Luciano Pavarotti: la sua casa, il suo mondo, le sue passioni

Lui è ancora lì.

Lo si percepisce.

Chiunque abbia o abbia avuto il privilegio di visitare la Casa Museo di Luciano Pavarotti, appena varcato l’ingresso, si renderà immediatamente conto di riuscire a guardarla con gli occhi del Maestro.

Particolare del Salone della Casa Museo(Foto di Gianluca Naphtalina Camporesi, per gentile concessione della Fondazione Luciano Pavarotti)

E quando la visita sarà terminata, si amerà quella casa con la stessa intensità con la quale l’ha amata e fortemente voluta Big Luciano, il quale ne ha curato personalmente l’ideazione e coloro che sono stati coinvolti nella realizzazione, dai fabbri ai falegnami, dagli intagliatori ai decoratori, hanno saputo perfettamente rendere concreti i suoi desideri.

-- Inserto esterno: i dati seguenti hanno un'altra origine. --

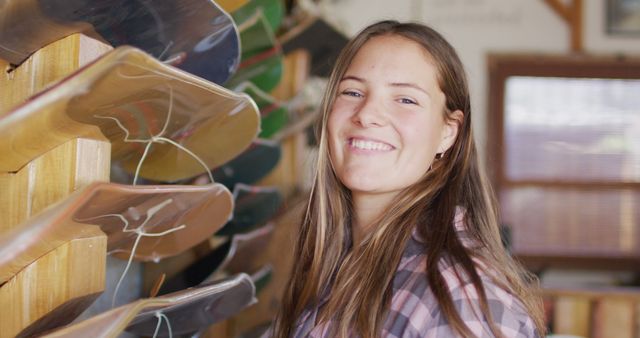 Smiling Young Woman in Skateboard Workshop - Download Free Stock Images Pikwizard.com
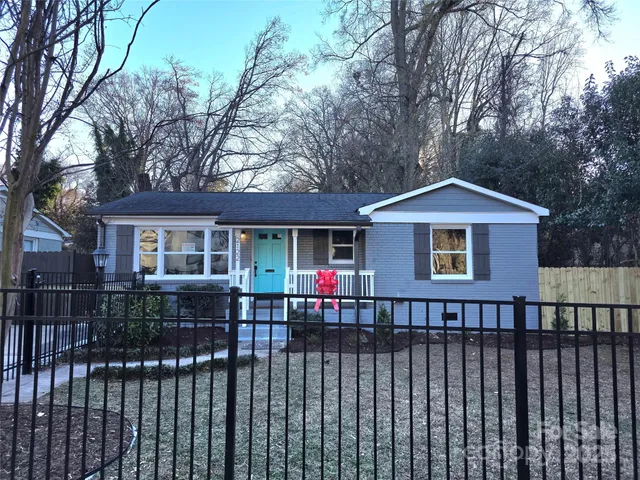 a view of a house with wooden deck and a trees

La sua gioia di vivere, la sua semplicità, nonostante la grandezza universalmente riconosciutagli, sta anche in quelle camicie a fiori, ora esposte, e che sono diventate il suo simbolo, tanto quanto il frac che fa bella mostra di sé in una teca all’interno del Salone.

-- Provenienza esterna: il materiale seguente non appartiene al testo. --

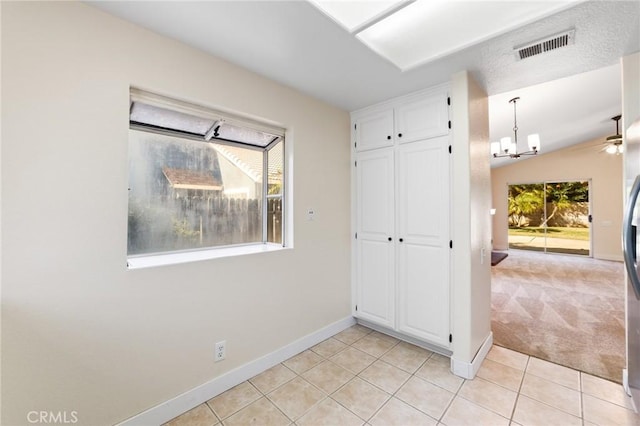 4108 Sunnysage Dr, Jurupa Valley, CA 92509 - unfurnished bedroom with light tile patterned flooring, a chandelier, a closet, light colored carpet, and refrigerator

Una delle sua amate camicie a fiori (Foto di Gianluca Naphtalina Camporesi, per gentile concessione della Fondazione Luciano Pavarotti)

E proprio in questa stanza, dalla quale inizia l’emozionante visita, il Maestro era solito trascorrere gran parte del suo tempo e quello che maggiormente colpisce sono gli oggetti di vita quotidiana e custoditi sotto una teca…una vita che amava trascorrere non solo con la sua famiglia ma anche con gli amici: e così troviamo le carte italiane, il suo basco scozzese, i suoi occhiali.

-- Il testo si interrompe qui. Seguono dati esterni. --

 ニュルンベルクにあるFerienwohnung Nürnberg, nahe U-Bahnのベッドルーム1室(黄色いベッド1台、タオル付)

Il Salone, la stanza preferita, e il suo frac (Foto di Gianluca Naphtalina Camporesi, per gentile concessione della Fondazione Luciano Pavarotti)

Il Maestro amava la luce, e non è un caso che il grande lucernaio, posto al piano superiore, è stato fortemente voluto da Pavarotti, cosicché l’alba avrebbe potuto inondare la sua amatissima casa fuori Modena.  Proprio in questa stanza sono custodite i riconoscimenti avuti nel corso della sua lunghissima carriera: se ne contano più di 500.

Il lucernaio, dove sono esposti i riconoscimenti (Foto di Gianluca Naphtalina Camporesi, per gentile concessione della Fondazione Luciano Pavarotti)
Uno tra i 500 riconoscimenti ottenuti dal Maestro (Foto di Gianluca Naphtalina Camporesi, per gentile concessione della Fondazione Luciano Pavarotti)

Poi ecco arrivare la stanza più intima, quella nella quale custodiva le foto delle persone a lui più care: la camera da letto che lo ha visto esalare l’ultimo respiro il 6 settembre 2007.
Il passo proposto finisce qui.